The war film is one of cinema’s most enduring genres; nearly every major conflict of the past century has been depicted on screen—multiple times. Films that wrestle with the rapidly changing nature of war, though, are rarer. As drone warfare continues its slow march into public consciousness, Eye in the Sky is the best movie yet to tackle the legal and moral quagmire surrounding modern technological warfare.
To do that, Eye in the Sky goes granular, telling the story of one particular mission on one particular day. In the movie, opening wide today, British colonel Katherine Powell (Helen Mirren) oversees a secret operation to capture a terrorist cell in Nairobi, Kenya. When the mission uncovers a more immediate threat than anticipated, though, the situation escalates. There’s no Normandy landing, no guns-and-mud Vietnam scene; there’s no pulling back, Syriana-style, to examine the context of the conflict. There’s just a British colonel, some American drone pilots, some undercover agents, and a smattering of government officials. Because that’s how international conflicts are resolved now—one clandestine move at a time.
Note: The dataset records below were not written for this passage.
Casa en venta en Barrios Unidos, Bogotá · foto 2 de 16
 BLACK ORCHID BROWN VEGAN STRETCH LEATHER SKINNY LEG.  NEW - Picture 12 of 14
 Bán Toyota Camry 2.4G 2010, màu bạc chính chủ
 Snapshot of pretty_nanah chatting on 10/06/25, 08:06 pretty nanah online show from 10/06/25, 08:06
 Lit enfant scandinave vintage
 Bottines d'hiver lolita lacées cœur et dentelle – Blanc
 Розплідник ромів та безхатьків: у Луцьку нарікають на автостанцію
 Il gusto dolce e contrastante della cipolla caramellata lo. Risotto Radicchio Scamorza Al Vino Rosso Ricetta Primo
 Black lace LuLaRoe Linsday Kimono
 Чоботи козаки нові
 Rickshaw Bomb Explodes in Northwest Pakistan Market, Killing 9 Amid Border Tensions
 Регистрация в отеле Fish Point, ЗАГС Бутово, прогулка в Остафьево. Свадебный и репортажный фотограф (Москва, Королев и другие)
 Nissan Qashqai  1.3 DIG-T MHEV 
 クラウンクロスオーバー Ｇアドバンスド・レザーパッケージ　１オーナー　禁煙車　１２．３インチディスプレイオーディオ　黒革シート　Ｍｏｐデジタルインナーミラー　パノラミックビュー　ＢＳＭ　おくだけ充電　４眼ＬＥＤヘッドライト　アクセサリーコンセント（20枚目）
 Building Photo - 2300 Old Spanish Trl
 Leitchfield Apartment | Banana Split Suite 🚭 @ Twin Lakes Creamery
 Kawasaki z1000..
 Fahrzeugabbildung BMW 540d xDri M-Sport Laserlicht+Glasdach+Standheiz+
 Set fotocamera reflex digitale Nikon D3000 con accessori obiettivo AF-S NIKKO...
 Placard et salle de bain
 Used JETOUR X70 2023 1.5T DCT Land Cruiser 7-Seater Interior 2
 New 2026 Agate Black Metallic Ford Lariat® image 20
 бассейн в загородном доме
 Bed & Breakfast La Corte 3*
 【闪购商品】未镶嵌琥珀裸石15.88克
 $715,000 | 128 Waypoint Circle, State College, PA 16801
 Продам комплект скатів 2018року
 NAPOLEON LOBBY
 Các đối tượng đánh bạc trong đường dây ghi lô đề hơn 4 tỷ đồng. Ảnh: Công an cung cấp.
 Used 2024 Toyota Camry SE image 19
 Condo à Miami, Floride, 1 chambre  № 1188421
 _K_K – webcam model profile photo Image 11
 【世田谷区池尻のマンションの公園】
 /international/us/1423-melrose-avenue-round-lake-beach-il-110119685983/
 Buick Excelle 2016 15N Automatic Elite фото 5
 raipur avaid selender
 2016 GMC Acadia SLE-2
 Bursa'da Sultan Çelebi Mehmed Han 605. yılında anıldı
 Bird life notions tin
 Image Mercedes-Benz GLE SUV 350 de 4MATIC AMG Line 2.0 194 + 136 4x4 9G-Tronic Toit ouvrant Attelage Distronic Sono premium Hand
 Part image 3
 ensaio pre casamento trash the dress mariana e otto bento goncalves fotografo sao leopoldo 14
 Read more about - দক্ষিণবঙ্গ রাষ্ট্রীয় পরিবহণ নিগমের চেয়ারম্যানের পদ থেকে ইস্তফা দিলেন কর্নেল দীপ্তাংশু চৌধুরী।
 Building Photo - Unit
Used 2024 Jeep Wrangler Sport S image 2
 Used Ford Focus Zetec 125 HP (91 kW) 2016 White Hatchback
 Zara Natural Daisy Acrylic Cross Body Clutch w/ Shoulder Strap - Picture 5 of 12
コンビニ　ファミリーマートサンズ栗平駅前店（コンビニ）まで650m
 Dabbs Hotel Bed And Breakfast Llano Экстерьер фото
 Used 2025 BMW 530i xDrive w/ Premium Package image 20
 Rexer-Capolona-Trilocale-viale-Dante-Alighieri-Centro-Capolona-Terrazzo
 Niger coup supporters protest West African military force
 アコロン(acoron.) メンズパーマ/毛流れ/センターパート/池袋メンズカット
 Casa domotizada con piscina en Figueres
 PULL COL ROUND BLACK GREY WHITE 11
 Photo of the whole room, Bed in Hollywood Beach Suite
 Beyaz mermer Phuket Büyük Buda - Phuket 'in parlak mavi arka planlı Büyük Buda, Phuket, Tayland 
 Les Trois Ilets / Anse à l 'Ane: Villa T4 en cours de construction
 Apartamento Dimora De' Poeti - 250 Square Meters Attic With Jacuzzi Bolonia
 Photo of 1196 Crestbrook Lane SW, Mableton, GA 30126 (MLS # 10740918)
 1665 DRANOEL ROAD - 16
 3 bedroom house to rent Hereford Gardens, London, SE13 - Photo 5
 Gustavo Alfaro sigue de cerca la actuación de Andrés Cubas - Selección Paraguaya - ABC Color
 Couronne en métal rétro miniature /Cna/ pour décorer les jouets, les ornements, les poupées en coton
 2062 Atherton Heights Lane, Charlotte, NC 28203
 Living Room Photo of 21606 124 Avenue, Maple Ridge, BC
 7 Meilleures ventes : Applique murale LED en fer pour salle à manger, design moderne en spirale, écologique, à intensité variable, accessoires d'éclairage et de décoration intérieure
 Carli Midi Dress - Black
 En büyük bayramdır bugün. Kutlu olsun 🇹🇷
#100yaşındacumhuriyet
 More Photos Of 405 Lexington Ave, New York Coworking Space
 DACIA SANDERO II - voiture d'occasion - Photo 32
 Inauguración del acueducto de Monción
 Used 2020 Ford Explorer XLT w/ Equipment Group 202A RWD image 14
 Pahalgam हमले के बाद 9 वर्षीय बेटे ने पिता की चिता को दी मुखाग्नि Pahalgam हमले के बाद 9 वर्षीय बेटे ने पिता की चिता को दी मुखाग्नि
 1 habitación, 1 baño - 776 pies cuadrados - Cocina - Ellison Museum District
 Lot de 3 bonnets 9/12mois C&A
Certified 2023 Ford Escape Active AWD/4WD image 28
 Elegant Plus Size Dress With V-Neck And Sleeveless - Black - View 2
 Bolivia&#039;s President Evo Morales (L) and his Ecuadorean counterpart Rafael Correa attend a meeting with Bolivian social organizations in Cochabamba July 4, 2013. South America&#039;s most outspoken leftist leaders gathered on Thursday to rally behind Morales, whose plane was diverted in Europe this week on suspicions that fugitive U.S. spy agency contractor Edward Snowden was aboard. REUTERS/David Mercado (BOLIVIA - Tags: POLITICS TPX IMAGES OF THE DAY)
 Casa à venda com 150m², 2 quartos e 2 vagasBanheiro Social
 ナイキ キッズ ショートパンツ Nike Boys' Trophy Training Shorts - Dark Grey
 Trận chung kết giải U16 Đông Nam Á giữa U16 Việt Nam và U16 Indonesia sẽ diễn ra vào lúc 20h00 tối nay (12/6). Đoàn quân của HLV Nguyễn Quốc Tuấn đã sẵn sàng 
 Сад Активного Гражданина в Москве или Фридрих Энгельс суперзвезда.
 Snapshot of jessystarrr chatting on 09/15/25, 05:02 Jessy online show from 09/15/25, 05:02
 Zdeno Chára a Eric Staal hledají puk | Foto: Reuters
Throughout its 102-minute runtime, Eye in the Sky raises many questions, from who has the authority to authorize force to whether minor casualties are an acceptable loss if they mean preventing an attack that kills thousands. And it depicts those questions as more than just thought experiments, but as things that stack and snarl, paralyzing decision makers who are playing by outdated rules of war.
In traditional military conflict, war was fought between nation-states, and the battlefield was the conflict zone. The problem we're in now is, what is the battlefield? It's less and less defined by geography and more and more defined by where that ideological enemy moves to. director Gavin Hood
The main argument within the film is whether the British government, aided by American drone technology, can go after its own citizens if those citizens are plotting an act of terrorism within the borders of a friendly country. For director Gavin Hood (Tsotsi, Ender’s Game), that lack of clarity is the foundation of the film. “In traditional military conflict, war was fought between nation-states, and the battlefield was the conflict zone,” Hood says. “What is the battlefield now? It’s less and less defined by geography and more and more defined by where that ideological enemy moves to.”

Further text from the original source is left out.